Driving in France is like speaking the language: only the rules, nuance, and idioms can make you understood. In our car there is no “P“ for park because stopping the engine automatically puts it in “P“, “N” starts the car, but only with the foot on the brake, and “A” indicates the automatic transmission that the car must be in to move forward. Mary and I often confuse verb tenses when we try to speak French and trying to go in reverse in “Monsieur Picasso Rouge (red)” is the same. Every time we put the car in reverse the wind shield is sprayed with fluid and simultaneously the wipers go on at a rapid, frantic pace. At first we were startled, then dumbfounded, and finally thrown into laughing fits every time it happened. We aren’t fluent, but we get by.

On American freeways you see signs that lead you to the exit: the first proclamation is at two miles, and the polite countdown begins until you are a quarter of a mile away.
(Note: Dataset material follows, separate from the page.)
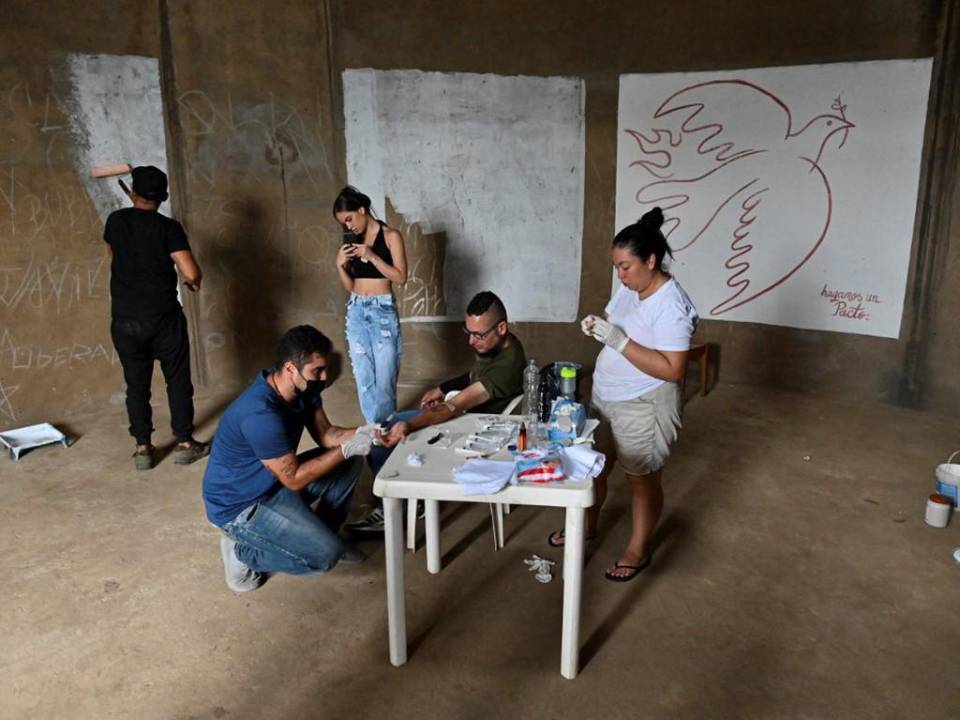 A un voluntario le extraen sangre del brazo para que el artista colombiano Julián Castillo la use para pintar un mural que representa al cantante puertorriqueño René Pérez.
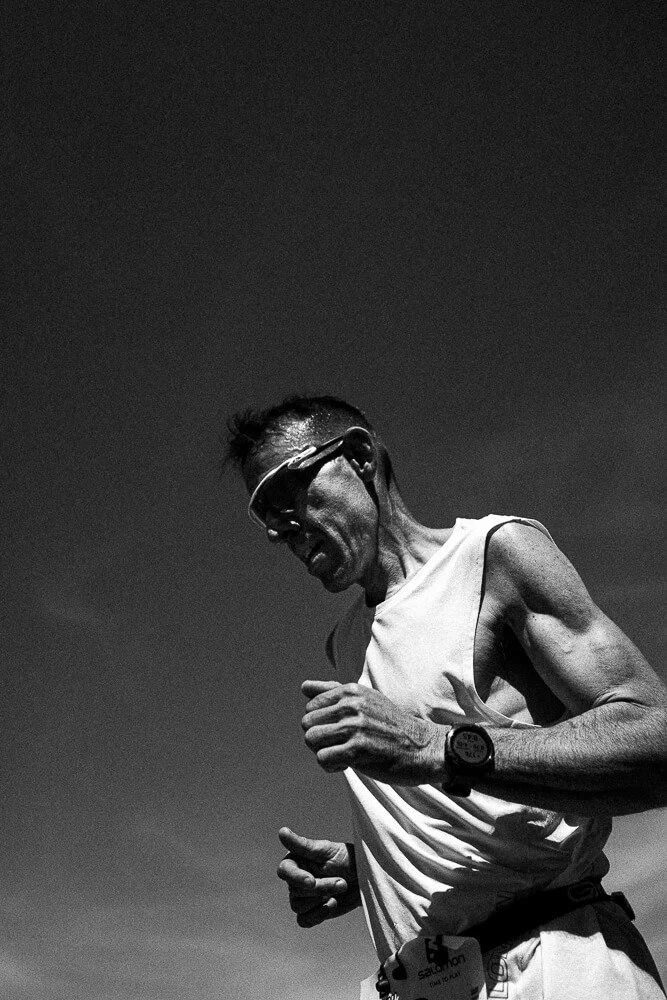 A male runner wearing sunglasses and a white tank top, running outdoors against a dark sky.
On French toll roads “La Procahine Sortie” means the next exit, but because "next" isn’t a way to mark miles you can grow old and forgetful getting to it.

I am happy to say that we made it to the small town of Boit to see the Leger museum, drove out of town, got back on the freeway to Antibe and negotiated city center traffic during the lunch rush hour. We went to Antibe to see the Picasso museum, but we failed to find it. After many circles around the city center we said, “the hell with it”, found the toll road and continued after a rest stop to refuel ourselves with a thin whisper of a tuna sandwich and bottles of water. With the specific driving directions and photos of the intersections to our hotel from Google maps, Voila!. We arrived at the hotel by 2:30.

Oh, we are proud of ourselves!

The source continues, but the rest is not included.